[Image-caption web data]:
_ _ _

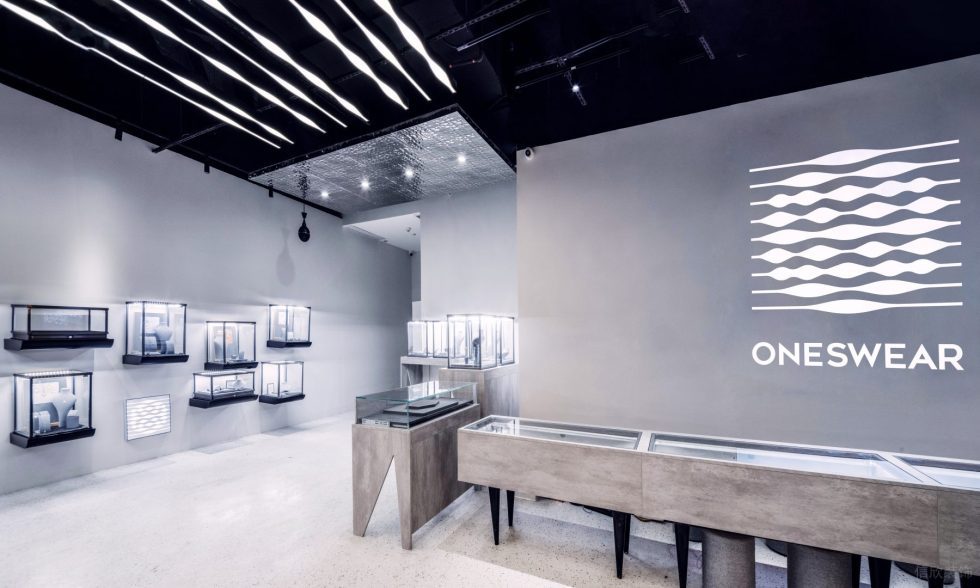 深圳市羅湖區(qū)蓮塘梵誓珠寶旗艦店裝修設(shè)計(jì) 接待臺(tái)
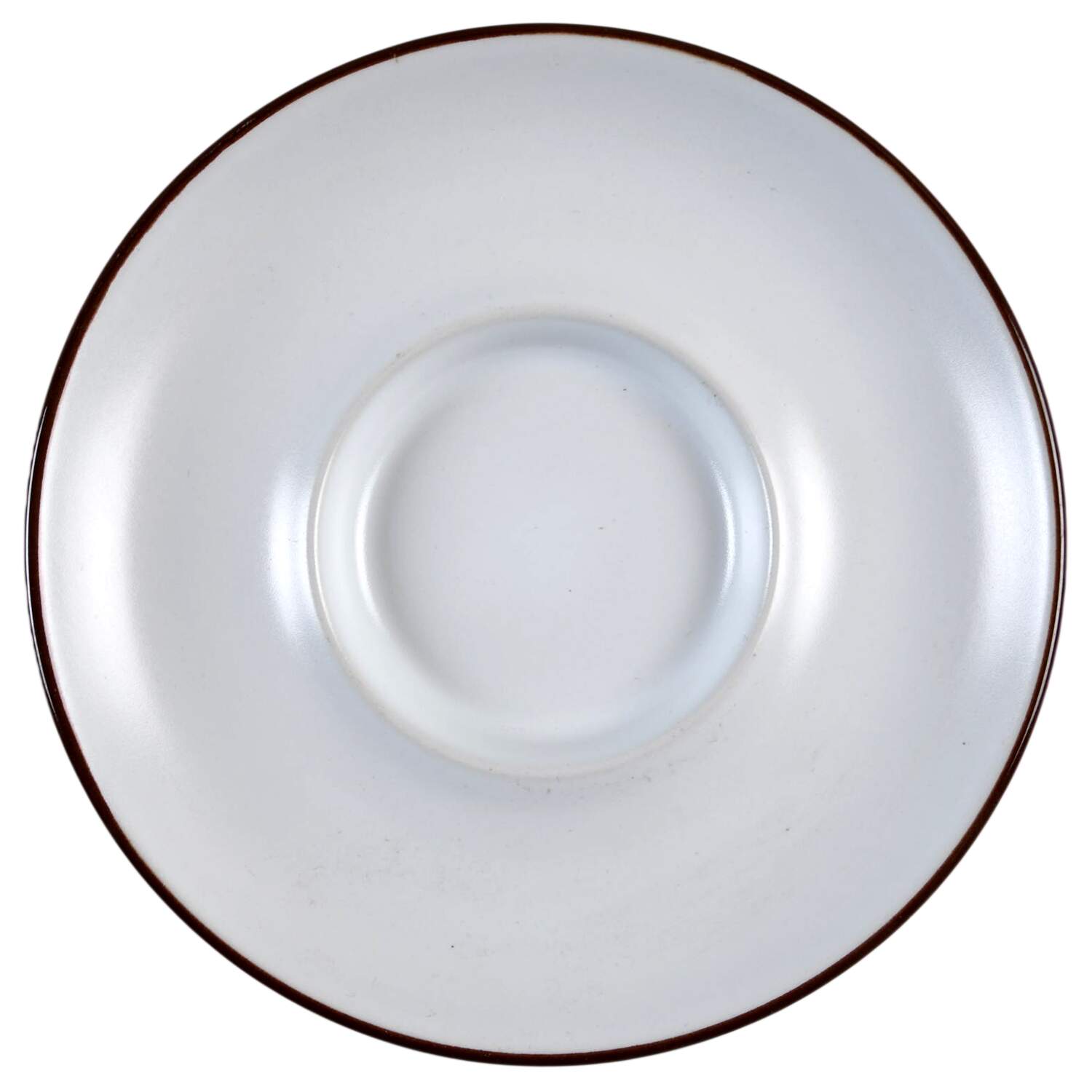 Hello Spring Brown Saucer by Noritake-1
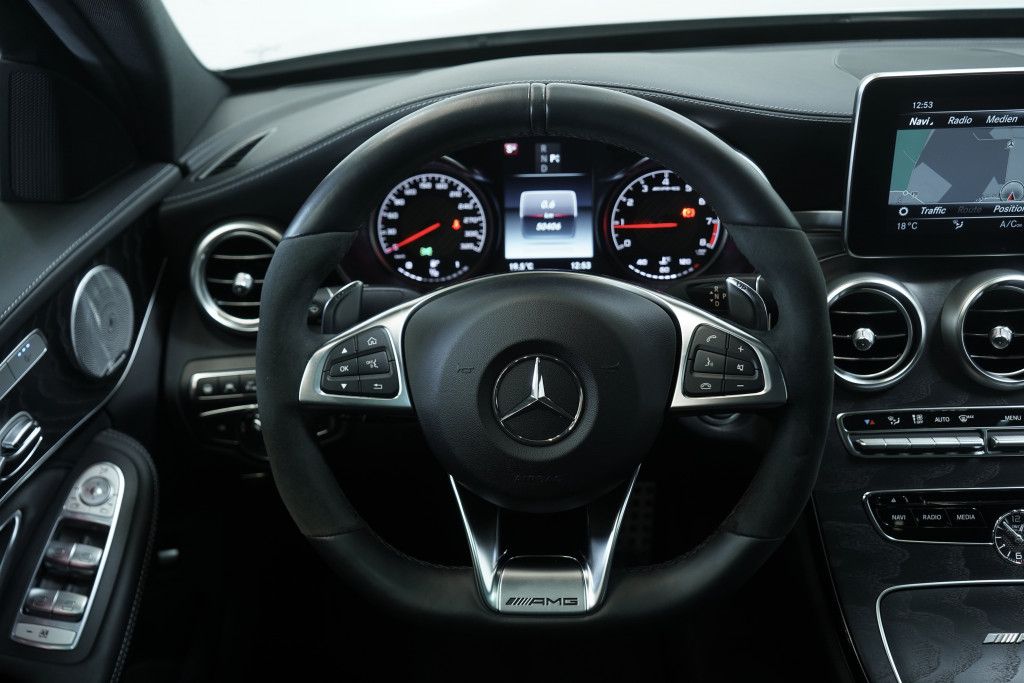 Mercedes Benz C 63 Amg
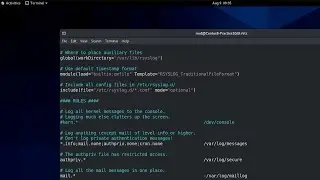 RHCSA v8 Practice Session:  Locate and interpret system log files and journals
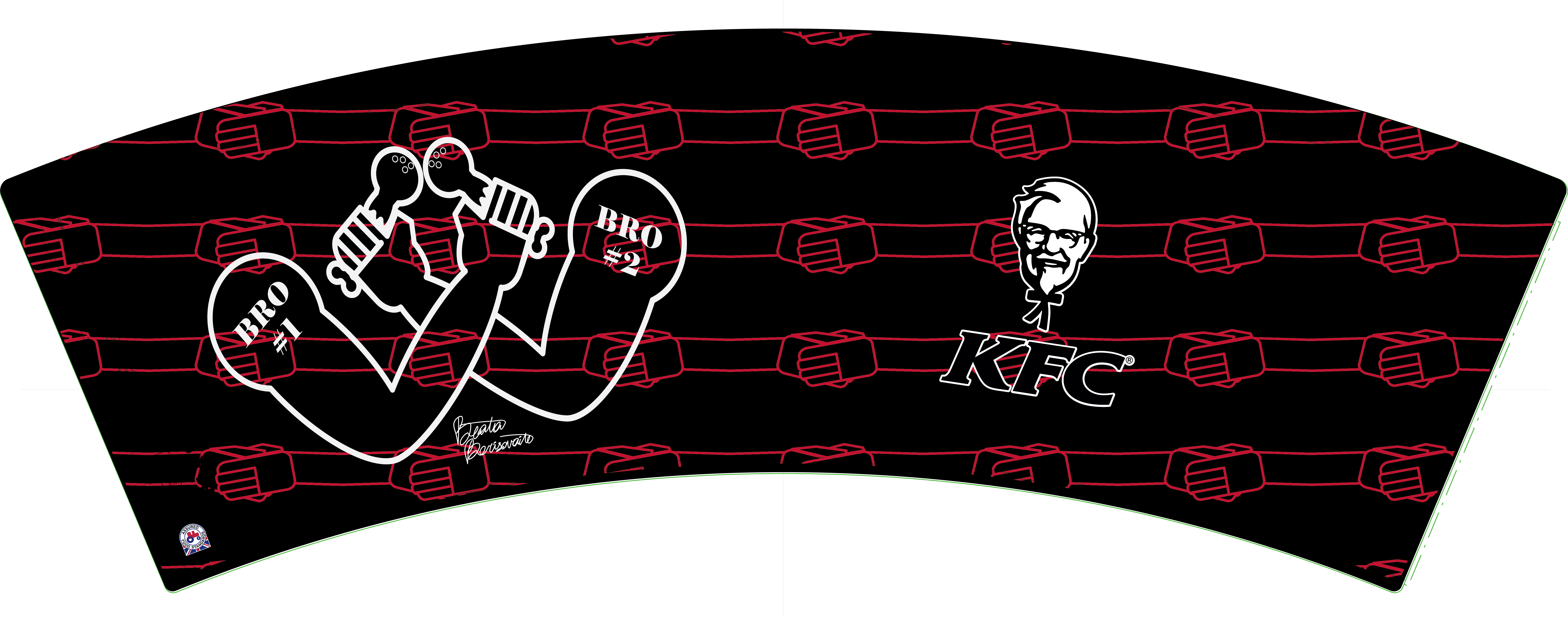 Design 1 Design - Design (6743x2652), Png Download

_ _ _

[Required action]: Write out exactly, and only, the lines running from the line with "Hello Spring Brown Saucer by Noritake-1" to the last line above, both included, with all pictures omitted.

[Response to the exercise]:
 Hello Spring Brown Saucer by Noritake-1
 Mercedes Benz C 63 Amg
 RHCSA v8 Practice Session:  Locate and interpret system log files and journals
 Design 1 Design - Design (6743x2652), Png Download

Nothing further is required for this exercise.